(Stored data)
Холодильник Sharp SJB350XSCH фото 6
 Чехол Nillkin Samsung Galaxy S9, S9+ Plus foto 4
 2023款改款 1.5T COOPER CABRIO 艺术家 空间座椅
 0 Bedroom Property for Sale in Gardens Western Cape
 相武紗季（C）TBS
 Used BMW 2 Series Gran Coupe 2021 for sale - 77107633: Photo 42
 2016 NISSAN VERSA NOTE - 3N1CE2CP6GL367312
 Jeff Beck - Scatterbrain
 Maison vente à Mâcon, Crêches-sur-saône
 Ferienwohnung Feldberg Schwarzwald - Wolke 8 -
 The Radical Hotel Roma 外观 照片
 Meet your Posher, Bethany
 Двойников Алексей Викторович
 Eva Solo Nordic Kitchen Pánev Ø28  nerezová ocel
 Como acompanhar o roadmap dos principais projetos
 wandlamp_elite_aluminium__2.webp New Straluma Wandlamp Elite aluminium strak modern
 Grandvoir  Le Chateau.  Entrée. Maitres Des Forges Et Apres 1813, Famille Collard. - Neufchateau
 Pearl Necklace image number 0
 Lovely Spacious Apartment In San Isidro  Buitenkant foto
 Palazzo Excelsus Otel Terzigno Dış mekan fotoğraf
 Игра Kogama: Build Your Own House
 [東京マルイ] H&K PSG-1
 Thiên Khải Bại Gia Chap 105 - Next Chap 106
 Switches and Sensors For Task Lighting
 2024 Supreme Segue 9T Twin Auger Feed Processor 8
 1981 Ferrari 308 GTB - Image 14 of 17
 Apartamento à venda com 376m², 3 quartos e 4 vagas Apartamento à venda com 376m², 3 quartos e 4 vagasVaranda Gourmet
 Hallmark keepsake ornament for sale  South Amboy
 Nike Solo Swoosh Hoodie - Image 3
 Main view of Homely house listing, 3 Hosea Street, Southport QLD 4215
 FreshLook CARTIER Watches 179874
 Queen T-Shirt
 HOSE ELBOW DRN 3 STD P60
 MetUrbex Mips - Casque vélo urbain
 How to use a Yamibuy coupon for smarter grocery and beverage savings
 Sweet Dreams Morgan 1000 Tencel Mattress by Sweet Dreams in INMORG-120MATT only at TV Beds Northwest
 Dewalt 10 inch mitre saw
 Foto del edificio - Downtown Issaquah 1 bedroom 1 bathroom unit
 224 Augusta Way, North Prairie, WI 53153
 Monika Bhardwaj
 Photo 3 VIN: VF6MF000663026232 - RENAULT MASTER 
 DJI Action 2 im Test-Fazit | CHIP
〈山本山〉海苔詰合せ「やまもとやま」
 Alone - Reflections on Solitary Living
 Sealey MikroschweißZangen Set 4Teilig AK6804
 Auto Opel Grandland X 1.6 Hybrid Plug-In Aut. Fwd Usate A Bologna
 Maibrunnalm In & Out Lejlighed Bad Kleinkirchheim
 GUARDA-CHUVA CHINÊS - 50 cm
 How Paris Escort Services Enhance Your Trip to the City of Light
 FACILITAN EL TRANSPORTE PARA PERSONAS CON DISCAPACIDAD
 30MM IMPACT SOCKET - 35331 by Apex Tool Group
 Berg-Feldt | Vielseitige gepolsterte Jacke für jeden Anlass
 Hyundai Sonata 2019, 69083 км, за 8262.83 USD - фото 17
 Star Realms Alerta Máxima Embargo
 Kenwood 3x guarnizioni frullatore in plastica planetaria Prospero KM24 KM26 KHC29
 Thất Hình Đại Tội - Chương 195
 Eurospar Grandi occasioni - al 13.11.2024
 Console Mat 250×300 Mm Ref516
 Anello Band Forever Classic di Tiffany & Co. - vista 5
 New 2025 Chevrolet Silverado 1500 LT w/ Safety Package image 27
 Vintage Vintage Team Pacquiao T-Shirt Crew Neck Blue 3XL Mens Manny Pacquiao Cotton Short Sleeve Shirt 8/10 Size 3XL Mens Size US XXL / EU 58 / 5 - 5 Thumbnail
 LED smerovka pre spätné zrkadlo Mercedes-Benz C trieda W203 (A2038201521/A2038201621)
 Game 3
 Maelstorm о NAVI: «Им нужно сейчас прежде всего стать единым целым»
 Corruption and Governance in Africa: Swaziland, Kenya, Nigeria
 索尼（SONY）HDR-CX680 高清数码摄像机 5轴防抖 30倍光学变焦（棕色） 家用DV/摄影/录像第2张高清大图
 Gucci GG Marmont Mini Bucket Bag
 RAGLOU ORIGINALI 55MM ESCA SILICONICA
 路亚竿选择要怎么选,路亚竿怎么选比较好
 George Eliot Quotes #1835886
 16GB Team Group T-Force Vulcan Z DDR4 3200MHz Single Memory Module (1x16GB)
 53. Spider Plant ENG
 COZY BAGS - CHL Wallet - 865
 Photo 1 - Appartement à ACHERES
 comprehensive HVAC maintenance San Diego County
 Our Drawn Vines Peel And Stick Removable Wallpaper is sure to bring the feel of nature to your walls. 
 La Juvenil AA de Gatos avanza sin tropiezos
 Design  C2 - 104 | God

■ About this task:
Please return every line of the data, unaltered.

■ Exercise answer:
Холодильник Sharp SJB350XSCH фото 6
 Чехол Nillkin Samsung Galaxy S9, S9+ Plus foto 4
 2023款改款 1.5T COOPER CABRIO 艺术家 空间座椅
 0 Bedroom Property for Sale in Gardens Western Cape
 相武紗季（C）TBS
 Used BMW 2 Series Gran Coupe 2021 for sale - 77107633: Photo 42
 2016 NISSAN VERSA NOTE - 3N1CE2CP6GL367312
 Jeff Beck - Scatterbrain
 Maison vente à Mâcon, Crêches-sur-saône
 Ferienwohnung Feldberg Schwarzwald - Wolke 8 -
 The Radical Hotel Roma 外观 照片
 Meet your Posher, Bethany
 Двойников Алексей Викторович
 Eva Solo Nordic Kitchen Pánev Ø28  nerezová ocel
 Como acompanhar o roadmap dos principais projetos
 wandlamp_elite_aluminium__2.webp New Straluma Wandlamp Elite aluminium strak modern
 Grandvoir  Le Chateau.  Entrée. Maitres Des Forges Et Apres 1813, Famille Collard. - Neufchateau
 Pearl Necklace image number 0
 Lovely Spacious Apartment In San Isidro  Buitenkant foto
 Palazzo Excelsus Otel Terzigno Dış mekan fotoğraf
 Игра Kogama: Build Your Own House
 [東京マルイ] H&K PSG-1
 Thiên Khải Bại Gia Chap 105 - Next Chap 106
 Switches and Sensors For Task Lighting
 2024 Supreme Segue 9T Twin Auger Feed Processor 8
 1981 Ferrari 308 GTB - Image 14 of 17
 Apartamento à venda com 376m², 3 quartos e 4 vagas Apartamento à venda com 376m², 3 quartos e 4 vagasVaranda Gourmet
 Hallmark keepsake ornament for sale  South Amboy
 Nike Solo Swoosh Hoodie - Image 3
 Main view of Homely house listing, 3 Hosea Street, Southport QLD 4215
 FreshLook CARTIER Watches 179874
 Queen T-Shirt
 HOSE ELBOW DRN 3 STD P60
 MetUrbex Mips - Casque vélo urbain
 How to use a Yamibuy coupon for smarter grocery and beverage savings
 Sweet Dreams Morgan 1000 Tencel Mattress by Sweet Dreams in INMORG-120MATT only at TV Beds Northwest
 Dewalt 10 inch mitre saw
 Foto del edificio - Downtown Issaquah 1 bedroom 1 bathroom unit
 224 Augusta Way, North Prairie, WI 53153
 Monika Bhardwaj
 Photo 3 VIN: VF6MF000663026232 - RENAULT MASTER 
 DJI Action 2 im Test-Fazit | CHIP
〈山本山〉海苔詰合せ「やまもとやま」
 Alone - Reflections on Solitary Living
 Sealey MikroschweißZangen Set 4Teilig AK6804
 Auto Opel Grandland X 1.6 Hybrid Plug-In Aut. Fwd Usate A Bologna
 Maibrunnalm In & Out Lejlighed Bad Kleinkirchheim
 GUARDA-CHUVA CHINÊS - 50 cm
 How Paris Escort Services Enhance Your Trip to the City of Light
 FACILITAN EL TRANSPORTE PARA PERSONAS CON DISCAPACIDAD
 30MM IMPACT SOCKET - 35331 by Apex Tool Group
 Berg-Feldt | Vielseitige gepolsterte Jacke für jeden Anlass
 Hyundai Sonata 2019, 69083 км, за 8262.83 USD - фото 17
 Star Realms Alerta Máxima Embargo
 Kenwood 3x guarnizioni frullatore in plastica planetaria Prospero KM24 KM26 KHC29
 Thất Hình Đại Tội - Chương 195
 Eurospar Grandi occasioni - al 13.11.2024
 Console Mat 250×300 Mm Ref516
 Anello Band Forever Classic di Tiffany & Co. - vista 5
 New 2025 Chevrolet Silverado 1500 LT w/ Safety Package image 27
 Vintage Vintage Team Pacquiao T-Shirt Crew Neck Blue 3XL Mens Manny Pacquiao Cotton Short Sleeve Shirt 8/10 Size 3XL Mens Size US XXL / EU 58 / 5 - 5 Thumbnail
 LED smerovka pre spätné zrkadlo Mercedes-Benz C trieda W203 (A2038201521/A2038201621)
 Game 3
 Maelstorm о NAVI: «Им нужно сейчас прежде всего стать единым целым»
 Corruption and Governance in Africa: Swaziland, Kenya, Nigeria
 索尼（SONY）HDR-CX680 高清数码摄像机 5轴防抖 30倍光学变焦（棕色） 家用DV/摄影/录像第2张高清大图
 Gucci GG Marmont Mini Bucket Bag
 RAGLOU ORIGINALI 55MM ESCA SILICONICA
 路亚竿选择要怎么选,路亚竿怎么选比较好
 George Eliot Quotes #1835886
 16GB Team Group T-Force Vulcan Z DDR4 3200MHz Single Memory Module (1x16GB)
 53. Spider Plant ENG
 COZY BAGS - CHL Wallet - 865
 Photo 1 - Appartement à ACHERES
 comprehensive HVAC maintenance San Diego County
 Our Drawn Vines Peel And Stick Removable Wallpaper is sure to bring the feel of nature to your walls. 
 La Juvenil AA de Gatos avanza sin tropiezos
 Design  C2 - 104 | God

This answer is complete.